■ Work order: An exact copy is required of the lines running from the one that contains "MON CHERI CHERRIES" to the end of the material, both ends included, with pictures omitted.

■ Source data:
= Beginning of Section =

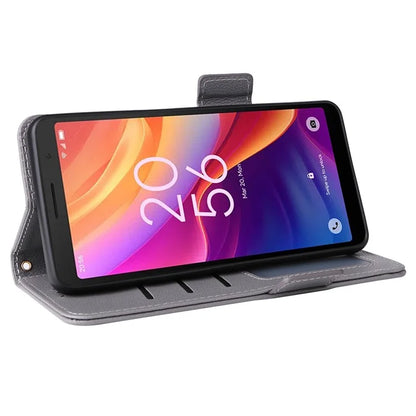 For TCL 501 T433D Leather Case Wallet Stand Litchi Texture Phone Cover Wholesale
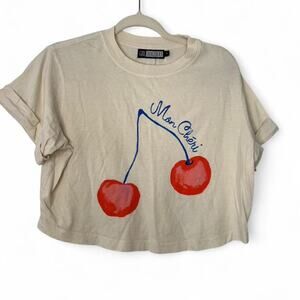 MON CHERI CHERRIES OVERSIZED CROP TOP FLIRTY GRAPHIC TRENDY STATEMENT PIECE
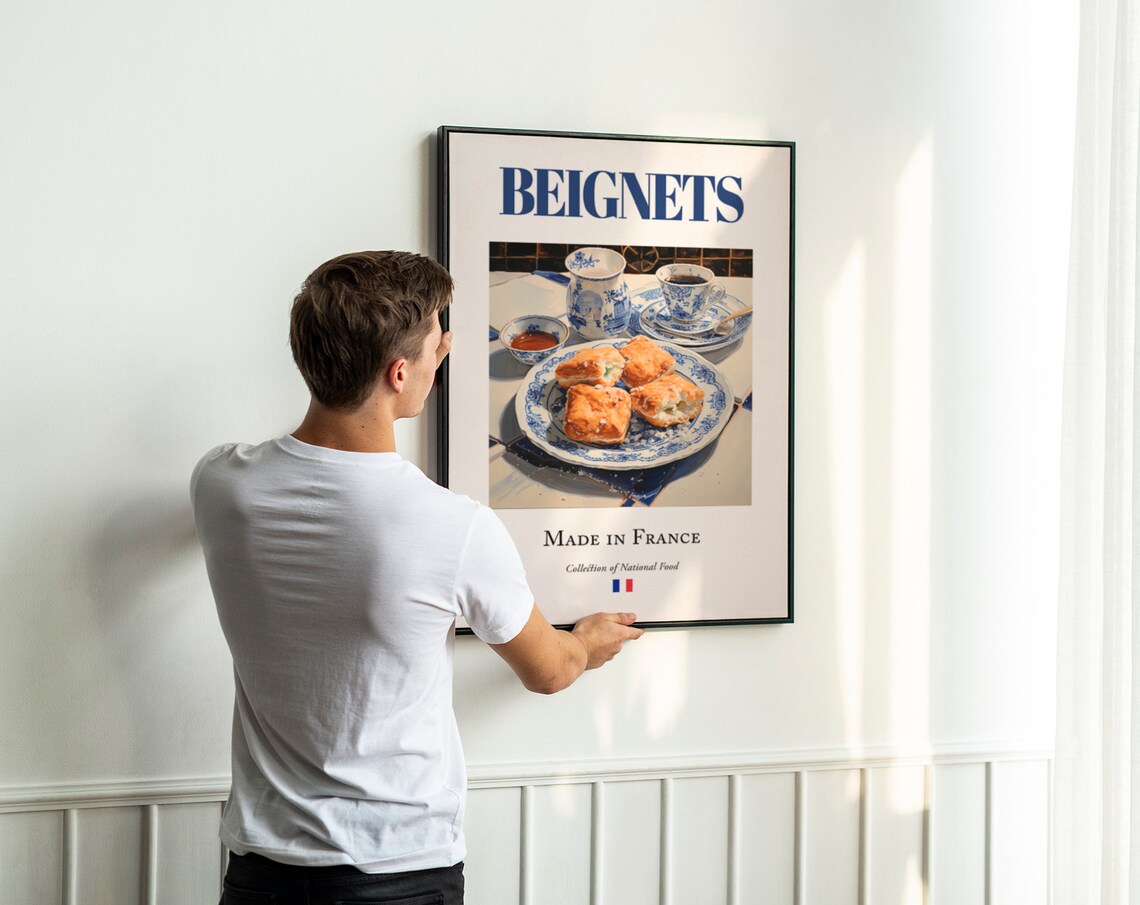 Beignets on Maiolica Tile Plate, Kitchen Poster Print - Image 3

= End of Section =

■ Problem solution:
 MON CHERI CHERRIES OVERSIZED CROP TOP FLIRTY GRAPHIC TRENDY STATEMENT PIECE
 Beignets on Maiolica Tile Plate, Kitchen Poster Print - Image 3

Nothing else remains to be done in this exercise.